TASK DESCRIPTION: The material below is to be copied exactly from the line with "THE VINE PRACTICE HAT" up to and including the line with "Indoor Cat Houses: For", with nothing else kept and no pictures.

AVAILABLE DATA:
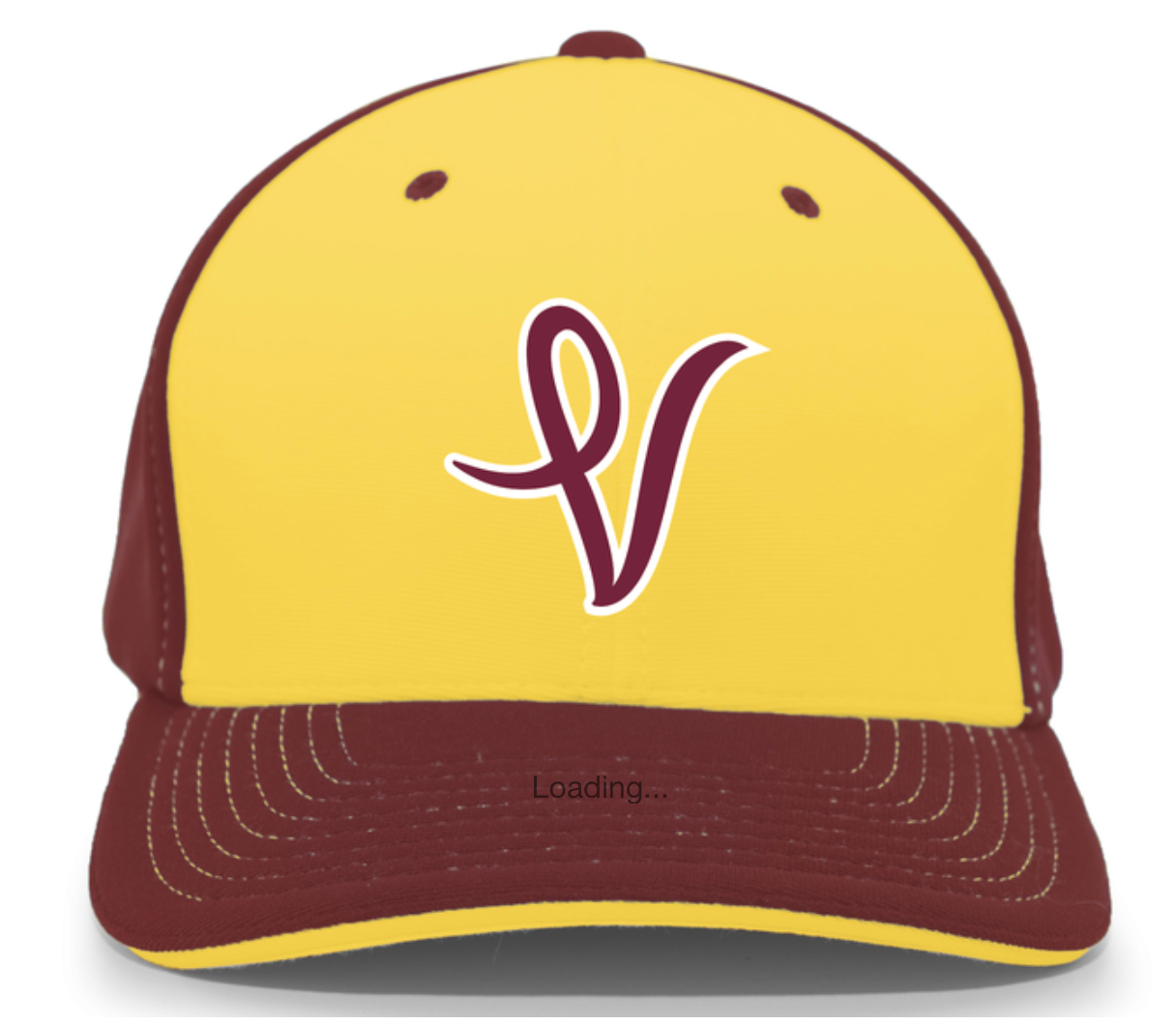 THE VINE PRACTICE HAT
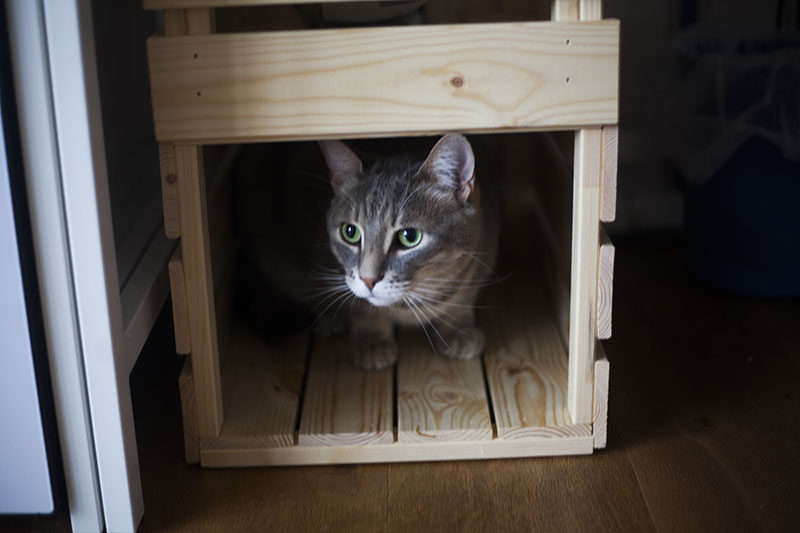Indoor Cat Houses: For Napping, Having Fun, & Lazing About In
--
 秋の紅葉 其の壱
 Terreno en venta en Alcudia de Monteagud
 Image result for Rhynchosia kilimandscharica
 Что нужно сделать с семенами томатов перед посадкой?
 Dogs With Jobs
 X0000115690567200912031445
--
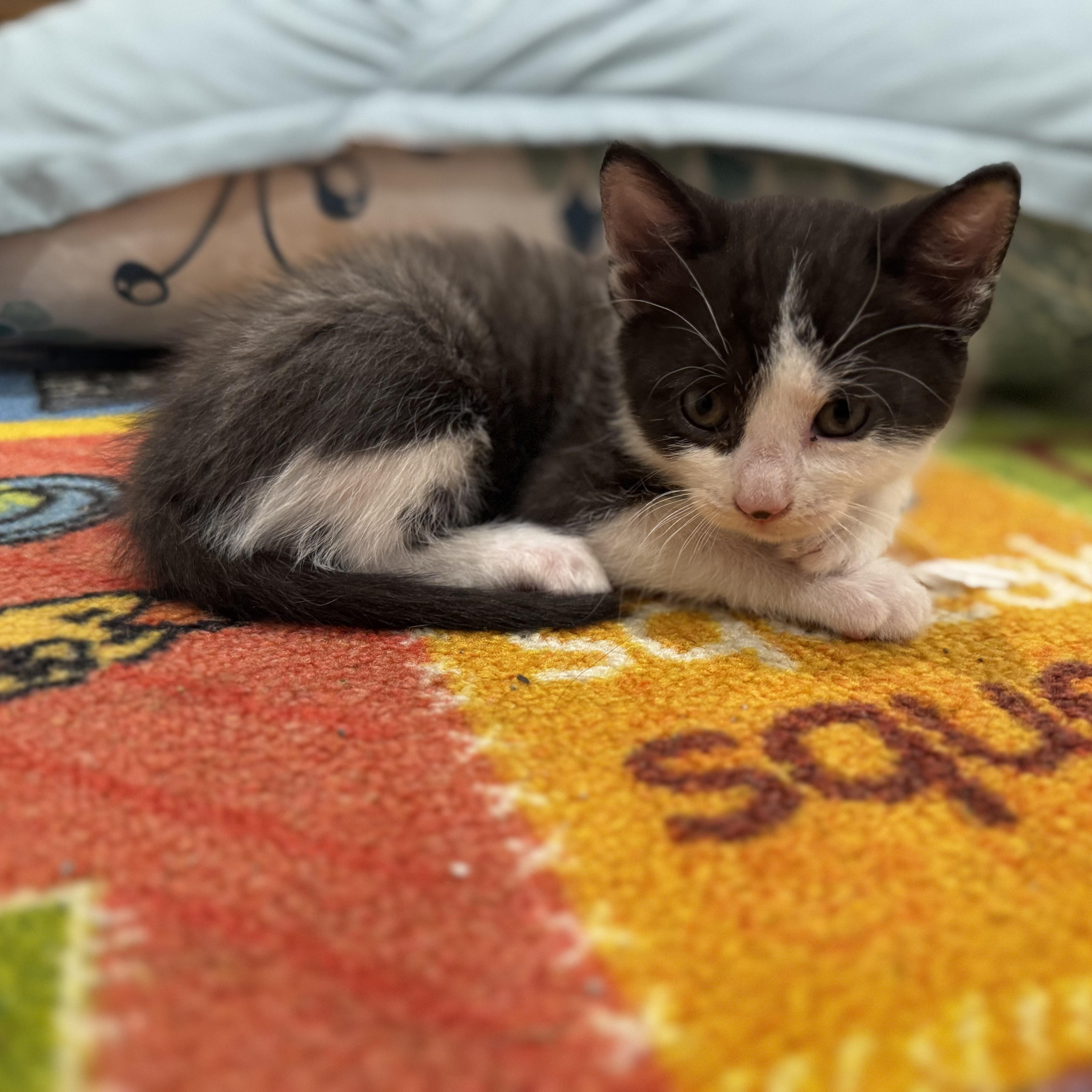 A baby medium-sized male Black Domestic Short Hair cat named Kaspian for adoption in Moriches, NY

ANSWER TO THIS PROBLEM:
 THE VINE PRACTICE HAT
Indoor Cat Houses: For Napping, Having Fun, & Lazing About In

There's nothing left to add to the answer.